EXERCISE PROMPT —
Search the entries below for the word "Covers" and copy each line that has it.

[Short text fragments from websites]
((
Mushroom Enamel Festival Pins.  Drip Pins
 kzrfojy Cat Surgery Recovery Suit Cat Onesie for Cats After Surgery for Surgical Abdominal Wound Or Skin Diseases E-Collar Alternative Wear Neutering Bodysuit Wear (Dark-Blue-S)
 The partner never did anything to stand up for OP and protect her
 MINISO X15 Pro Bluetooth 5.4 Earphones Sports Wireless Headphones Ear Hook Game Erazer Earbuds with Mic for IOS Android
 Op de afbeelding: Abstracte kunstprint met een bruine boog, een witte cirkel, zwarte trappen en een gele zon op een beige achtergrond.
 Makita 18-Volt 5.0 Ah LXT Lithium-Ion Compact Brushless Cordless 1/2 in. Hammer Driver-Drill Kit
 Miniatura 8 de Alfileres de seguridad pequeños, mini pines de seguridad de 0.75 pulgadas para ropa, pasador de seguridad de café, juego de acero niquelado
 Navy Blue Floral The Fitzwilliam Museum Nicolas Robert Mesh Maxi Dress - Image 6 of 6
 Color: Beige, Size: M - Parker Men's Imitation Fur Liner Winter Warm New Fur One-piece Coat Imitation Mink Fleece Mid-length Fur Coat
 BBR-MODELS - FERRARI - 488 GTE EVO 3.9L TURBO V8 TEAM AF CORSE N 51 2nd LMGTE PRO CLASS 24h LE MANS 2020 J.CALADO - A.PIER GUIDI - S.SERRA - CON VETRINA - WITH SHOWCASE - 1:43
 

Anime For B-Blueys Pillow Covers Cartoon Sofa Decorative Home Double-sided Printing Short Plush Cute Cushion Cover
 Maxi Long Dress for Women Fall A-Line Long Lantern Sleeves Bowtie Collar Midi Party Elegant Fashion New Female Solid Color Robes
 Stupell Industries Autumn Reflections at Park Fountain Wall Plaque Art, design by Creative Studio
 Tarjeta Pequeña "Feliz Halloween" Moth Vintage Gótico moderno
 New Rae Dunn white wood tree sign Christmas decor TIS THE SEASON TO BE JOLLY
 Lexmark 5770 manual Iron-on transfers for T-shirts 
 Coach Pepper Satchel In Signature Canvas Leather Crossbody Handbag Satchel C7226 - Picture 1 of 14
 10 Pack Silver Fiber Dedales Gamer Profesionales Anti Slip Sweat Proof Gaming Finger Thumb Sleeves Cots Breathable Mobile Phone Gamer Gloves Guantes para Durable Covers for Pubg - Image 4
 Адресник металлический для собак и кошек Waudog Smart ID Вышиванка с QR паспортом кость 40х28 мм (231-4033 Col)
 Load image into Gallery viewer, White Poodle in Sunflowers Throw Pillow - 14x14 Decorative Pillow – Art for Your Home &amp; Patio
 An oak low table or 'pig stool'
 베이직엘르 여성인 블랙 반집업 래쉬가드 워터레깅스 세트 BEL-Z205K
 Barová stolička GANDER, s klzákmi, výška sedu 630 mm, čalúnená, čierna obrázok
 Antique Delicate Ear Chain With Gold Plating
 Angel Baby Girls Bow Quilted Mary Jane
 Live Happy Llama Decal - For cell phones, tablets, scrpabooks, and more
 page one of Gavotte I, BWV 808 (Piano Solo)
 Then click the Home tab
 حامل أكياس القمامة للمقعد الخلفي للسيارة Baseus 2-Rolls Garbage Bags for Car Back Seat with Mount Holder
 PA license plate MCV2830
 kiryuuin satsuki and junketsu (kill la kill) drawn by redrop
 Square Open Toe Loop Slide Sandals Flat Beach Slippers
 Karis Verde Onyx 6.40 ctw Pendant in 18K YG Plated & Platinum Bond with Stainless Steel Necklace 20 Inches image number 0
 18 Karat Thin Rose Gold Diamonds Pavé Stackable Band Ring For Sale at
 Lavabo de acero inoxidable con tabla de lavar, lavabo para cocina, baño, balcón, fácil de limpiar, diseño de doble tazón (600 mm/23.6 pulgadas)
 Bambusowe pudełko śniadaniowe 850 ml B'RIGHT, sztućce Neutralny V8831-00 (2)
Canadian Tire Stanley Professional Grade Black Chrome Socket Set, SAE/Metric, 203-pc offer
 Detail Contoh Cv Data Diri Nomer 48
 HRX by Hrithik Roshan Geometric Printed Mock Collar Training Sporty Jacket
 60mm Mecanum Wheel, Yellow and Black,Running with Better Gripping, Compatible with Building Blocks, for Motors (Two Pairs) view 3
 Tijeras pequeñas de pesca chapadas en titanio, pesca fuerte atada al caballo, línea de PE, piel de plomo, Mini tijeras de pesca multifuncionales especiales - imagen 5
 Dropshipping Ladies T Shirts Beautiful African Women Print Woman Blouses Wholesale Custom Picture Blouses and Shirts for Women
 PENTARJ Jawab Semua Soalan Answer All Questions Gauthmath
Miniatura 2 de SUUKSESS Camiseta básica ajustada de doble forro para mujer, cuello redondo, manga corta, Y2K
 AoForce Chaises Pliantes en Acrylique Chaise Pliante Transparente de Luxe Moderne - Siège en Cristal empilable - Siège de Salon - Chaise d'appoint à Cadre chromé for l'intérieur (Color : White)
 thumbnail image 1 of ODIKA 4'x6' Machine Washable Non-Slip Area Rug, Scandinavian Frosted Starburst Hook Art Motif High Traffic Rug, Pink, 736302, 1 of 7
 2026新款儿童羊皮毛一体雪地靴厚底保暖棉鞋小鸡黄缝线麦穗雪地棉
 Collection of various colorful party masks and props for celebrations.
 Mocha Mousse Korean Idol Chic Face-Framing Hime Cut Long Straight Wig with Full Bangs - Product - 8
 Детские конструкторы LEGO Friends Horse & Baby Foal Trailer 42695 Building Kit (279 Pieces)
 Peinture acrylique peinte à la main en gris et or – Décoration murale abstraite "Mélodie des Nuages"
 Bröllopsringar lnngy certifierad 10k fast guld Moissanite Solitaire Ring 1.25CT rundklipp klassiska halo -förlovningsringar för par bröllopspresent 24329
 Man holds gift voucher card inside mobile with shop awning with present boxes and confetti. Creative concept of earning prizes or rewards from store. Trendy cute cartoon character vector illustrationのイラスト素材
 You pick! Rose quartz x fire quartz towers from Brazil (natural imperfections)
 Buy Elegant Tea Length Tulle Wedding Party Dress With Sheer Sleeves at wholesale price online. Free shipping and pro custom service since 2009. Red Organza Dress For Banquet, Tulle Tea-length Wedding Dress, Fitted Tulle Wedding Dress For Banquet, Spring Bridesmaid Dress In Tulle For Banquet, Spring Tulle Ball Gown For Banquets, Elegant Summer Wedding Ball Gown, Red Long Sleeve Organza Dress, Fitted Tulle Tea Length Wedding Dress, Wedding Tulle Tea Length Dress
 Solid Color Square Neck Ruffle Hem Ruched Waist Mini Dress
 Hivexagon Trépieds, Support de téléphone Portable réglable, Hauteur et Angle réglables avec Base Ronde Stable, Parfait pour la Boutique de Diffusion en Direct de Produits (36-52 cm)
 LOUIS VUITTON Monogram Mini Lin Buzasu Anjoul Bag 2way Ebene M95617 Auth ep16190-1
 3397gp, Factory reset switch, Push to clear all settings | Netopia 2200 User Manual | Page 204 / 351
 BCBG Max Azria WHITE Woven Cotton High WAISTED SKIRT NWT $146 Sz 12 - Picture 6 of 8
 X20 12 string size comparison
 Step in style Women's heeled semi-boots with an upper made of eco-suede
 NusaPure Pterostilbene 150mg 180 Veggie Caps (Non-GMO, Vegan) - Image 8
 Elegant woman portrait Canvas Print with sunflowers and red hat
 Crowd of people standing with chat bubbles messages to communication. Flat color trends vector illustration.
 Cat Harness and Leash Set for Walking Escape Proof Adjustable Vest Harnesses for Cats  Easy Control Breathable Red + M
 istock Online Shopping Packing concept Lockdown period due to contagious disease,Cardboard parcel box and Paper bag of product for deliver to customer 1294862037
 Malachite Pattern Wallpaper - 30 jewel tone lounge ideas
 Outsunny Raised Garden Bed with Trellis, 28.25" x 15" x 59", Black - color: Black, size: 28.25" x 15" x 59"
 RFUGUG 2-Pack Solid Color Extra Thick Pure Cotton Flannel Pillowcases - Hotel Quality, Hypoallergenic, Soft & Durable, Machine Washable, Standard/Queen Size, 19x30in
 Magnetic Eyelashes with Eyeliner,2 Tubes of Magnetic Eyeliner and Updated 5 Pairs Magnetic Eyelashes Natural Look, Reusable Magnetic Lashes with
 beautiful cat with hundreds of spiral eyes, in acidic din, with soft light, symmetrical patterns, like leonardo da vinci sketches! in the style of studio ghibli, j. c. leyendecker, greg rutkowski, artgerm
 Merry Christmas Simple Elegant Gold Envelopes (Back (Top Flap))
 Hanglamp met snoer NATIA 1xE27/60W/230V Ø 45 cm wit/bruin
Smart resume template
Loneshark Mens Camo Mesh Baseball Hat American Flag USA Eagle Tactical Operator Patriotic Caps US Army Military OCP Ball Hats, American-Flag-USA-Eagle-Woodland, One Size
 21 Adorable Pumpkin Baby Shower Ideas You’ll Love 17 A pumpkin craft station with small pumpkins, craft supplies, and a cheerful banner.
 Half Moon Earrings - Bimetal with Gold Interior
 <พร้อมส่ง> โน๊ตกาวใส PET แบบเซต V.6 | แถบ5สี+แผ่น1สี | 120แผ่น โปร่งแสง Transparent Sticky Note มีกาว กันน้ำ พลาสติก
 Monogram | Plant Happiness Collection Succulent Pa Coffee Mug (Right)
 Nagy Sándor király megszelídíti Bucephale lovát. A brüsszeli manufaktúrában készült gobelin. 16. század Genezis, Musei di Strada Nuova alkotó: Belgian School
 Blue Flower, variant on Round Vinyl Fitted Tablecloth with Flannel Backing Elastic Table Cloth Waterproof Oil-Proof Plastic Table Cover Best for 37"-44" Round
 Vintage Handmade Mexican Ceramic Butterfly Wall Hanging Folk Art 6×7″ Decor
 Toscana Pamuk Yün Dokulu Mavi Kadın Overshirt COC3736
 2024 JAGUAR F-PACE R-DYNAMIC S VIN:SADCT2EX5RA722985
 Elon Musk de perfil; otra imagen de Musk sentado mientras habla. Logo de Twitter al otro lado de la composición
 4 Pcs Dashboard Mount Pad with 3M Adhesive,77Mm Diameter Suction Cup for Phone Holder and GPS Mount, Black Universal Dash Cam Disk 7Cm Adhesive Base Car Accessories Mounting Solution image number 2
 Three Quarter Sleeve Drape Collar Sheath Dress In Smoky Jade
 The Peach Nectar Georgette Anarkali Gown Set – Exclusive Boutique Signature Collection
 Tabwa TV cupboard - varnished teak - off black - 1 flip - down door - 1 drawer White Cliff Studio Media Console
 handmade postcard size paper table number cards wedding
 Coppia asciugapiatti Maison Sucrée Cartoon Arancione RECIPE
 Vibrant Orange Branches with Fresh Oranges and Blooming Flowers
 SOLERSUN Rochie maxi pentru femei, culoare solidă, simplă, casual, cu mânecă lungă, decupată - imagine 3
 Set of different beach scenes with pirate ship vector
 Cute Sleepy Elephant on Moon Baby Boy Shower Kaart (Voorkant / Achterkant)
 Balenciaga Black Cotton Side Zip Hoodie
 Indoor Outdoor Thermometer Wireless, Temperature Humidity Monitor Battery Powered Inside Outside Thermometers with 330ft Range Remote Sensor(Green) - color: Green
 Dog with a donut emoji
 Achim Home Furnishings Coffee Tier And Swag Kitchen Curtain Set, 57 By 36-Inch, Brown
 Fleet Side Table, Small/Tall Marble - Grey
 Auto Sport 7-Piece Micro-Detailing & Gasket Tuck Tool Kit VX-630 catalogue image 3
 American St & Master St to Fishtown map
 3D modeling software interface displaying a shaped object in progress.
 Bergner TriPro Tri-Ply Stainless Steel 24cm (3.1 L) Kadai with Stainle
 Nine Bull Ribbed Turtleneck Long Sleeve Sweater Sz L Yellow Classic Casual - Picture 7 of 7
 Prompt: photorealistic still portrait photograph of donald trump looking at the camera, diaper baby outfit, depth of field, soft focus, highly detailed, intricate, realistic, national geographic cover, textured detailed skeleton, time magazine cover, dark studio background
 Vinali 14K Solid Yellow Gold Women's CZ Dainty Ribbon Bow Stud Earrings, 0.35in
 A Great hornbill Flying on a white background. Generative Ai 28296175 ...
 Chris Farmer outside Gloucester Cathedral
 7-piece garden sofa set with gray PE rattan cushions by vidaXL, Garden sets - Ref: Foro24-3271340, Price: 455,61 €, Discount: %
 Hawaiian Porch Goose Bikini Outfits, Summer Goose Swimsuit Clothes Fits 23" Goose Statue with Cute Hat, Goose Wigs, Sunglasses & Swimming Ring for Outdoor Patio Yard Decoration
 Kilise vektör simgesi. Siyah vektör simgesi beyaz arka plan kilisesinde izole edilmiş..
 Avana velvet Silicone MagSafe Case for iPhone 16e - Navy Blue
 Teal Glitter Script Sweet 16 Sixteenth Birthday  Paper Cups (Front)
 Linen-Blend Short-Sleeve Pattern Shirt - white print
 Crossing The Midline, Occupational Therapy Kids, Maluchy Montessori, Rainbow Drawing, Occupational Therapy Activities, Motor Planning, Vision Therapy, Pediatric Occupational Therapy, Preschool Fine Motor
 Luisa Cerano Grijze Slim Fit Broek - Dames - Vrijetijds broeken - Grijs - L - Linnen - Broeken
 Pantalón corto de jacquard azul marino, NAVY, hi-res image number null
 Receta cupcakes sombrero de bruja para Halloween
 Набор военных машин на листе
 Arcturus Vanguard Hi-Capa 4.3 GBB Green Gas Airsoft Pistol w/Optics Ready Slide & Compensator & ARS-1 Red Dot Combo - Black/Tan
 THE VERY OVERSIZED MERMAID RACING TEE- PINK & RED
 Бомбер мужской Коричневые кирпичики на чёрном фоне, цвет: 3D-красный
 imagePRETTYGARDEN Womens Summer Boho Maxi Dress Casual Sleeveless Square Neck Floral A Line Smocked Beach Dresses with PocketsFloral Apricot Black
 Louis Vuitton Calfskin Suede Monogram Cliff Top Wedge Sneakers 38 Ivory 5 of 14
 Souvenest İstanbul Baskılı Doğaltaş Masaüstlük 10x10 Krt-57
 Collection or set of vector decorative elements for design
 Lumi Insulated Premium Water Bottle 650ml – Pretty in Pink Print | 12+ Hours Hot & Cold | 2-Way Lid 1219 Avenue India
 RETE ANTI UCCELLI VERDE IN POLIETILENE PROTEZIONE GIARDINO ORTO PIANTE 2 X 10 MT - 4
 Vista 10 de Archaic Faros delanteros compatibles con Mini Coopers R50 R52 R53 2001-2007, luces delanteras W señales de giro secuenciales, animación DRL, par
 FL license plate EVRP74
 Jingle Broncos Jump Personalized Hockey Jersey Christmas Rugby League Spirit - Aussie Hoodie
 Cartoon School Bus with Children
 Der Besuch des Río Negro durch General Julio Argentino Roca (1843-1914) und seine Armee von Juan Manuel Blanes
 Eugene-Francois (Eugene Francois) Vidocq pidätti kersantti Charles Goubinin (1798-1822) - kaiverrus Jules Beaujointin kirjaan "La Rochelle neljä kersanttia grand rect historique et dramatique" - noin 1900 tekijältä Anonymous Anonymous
))
RESPONSE TO THE EXERCISE —
Anime For B-Blueys Pillow Covers Cartoon Sofa Decorative Home Double-sided Printing Short Plush Cute Cushion Cover
 10 Pack Silver Fiber Dedales Gamer Profesionales Anti Slip Sweat Proof Gaming Finger Thumb Sleeves Cots Breathable Mobile Phone Gamer Gloves Guantes para Durable Covers for Pubg - Image 4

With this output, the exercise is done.